What the task requires. Your answer must restate the listing below word for word and contain no images.

Raw data.
<<<<

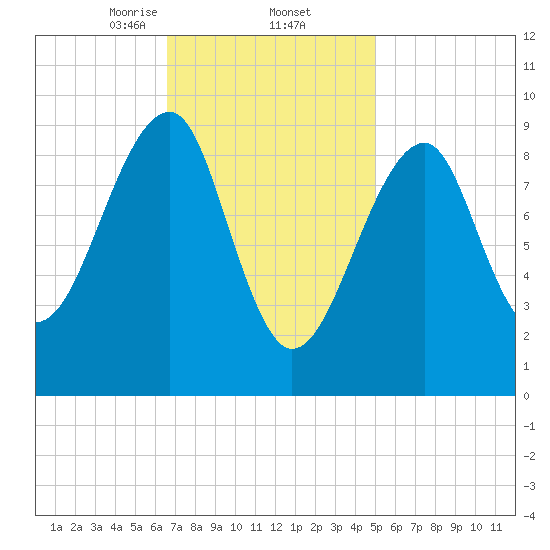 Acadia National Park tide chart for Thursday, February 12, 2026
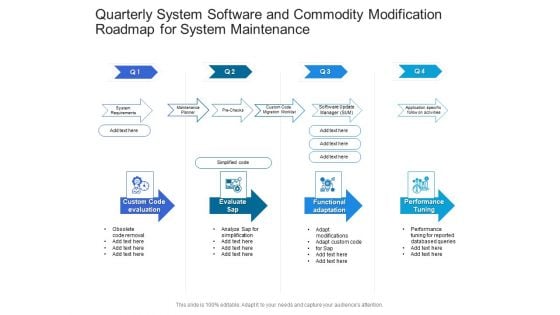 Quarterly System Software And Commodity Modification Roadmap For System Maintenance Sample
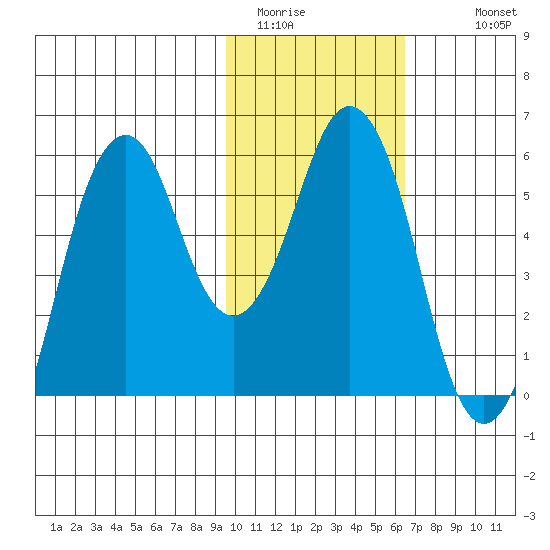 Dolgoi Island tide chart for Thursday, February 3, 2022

>>>>

Answer section.
 Acadia National Park tide chart for Thursday, February 12, 2026
 Quarterly System Software And Commodity Modification Roadmap For System Maintenance Sample
 Dolgoi Island tide chart for Thursday, February 3, 2022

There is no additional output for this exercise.